WRITERS REJECTIONS: Egging the Window to Their Souls
By Ed Tasca
Come on, read this. Just keep reading. That’s it, go ahead, keep reading. That’s it… good. It is this text in any magazine that makes up its marrow, its essential content, something good writers spend hours sweating out just for you. So I hope you appreciate our efforts, BECAUSE…
If anything fills up the life of a truly fine and serious writer, I mean after alcohol, it’s rejection. It’s the part readers like yourselves don’t get to see. So I’m going to fill you in on what it’s like.
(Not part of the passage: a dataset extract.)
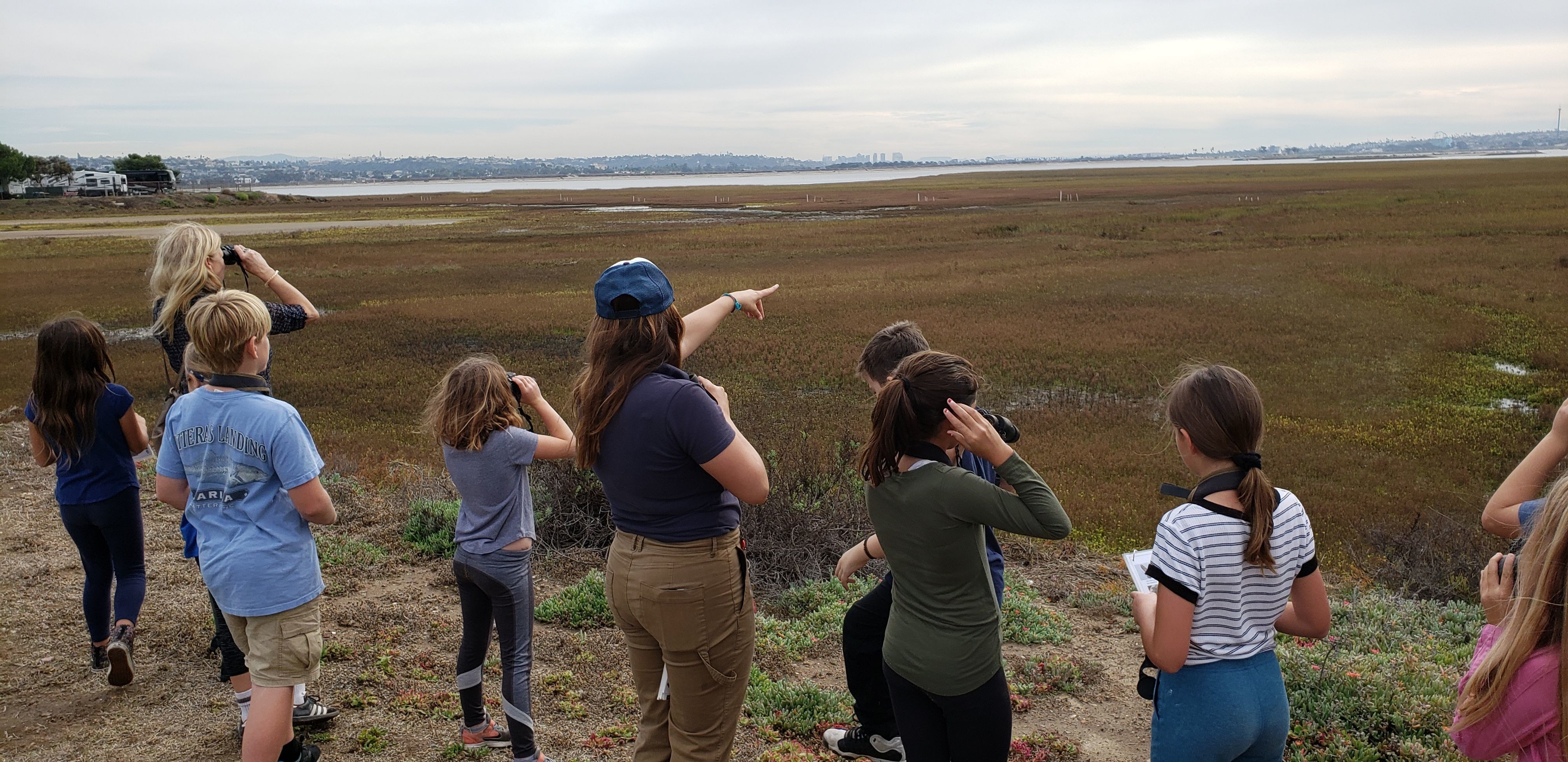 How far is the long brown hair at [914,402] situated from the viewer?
8.55 ft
Most rejections of writers’ work are pretty thoughtless, boilerplate and idiotic… but they are still a “No, thanks.” I’ve had my share and here’s a sample, stuff that imbecile behind Wikileaks just released on the internet. To embarrass me among the Pulitzer officials.
Dear Mr. Tasca,
Thank you for your patience while we evaluated your insightful, Stay at Home Dads and the E.D. epidemic. Regrettably, we felt it shallow and pompous, given the crude writing, lack of originality and your poor grasp of psycho-social issues. If you’re interested in submitting additional writing, please consider our greeting cards division.
PS. Like Us on Facebook
Here’s one I just received:
September 30, 2016
Dear Mr. Tasca
We acknowledge that we have taken considerable time to review your Futuristic Fantasy, entitled 1992. What an imagination you have, especially the concepts of the Internet and what you called cyber-attacks and Sexting. Wow. Regrettably, much of what you have, has been done… many times now. So for any further submissions of futuristic work, please allow 24 years for us to respond.
Random House Publishing
Thank you for your submission. As you know we are a small publisher: And need to be very selective in our choices for publication. While your memoir, I Posed for Edmund Munch’s The Scream, has potential, we’ll have to pass. Last year, we published only two books we found worthy: 1. Tibetan Book of the Dead for Dummies by Ronald Dane and 2. The Serial Killer Cookbook by Ronald Dane.
Ronald Dane Press
Thank you for your interest in our press. Your writing is superb. Despite this, we feel your chapbook is probably not for us. But we wish you luck finding a home for your splendid “Judas Escariot’s Money-Making Tips.”
The Bible Belt Press
Dear Edgar Tashman,
We consider every submission we receive with meticulous attention and individual care, Mr. Edgar Tashman. But we are sorry to say your manuscript slash book of poems slash short stories slash memoir slash travelogue did not fit our current needs.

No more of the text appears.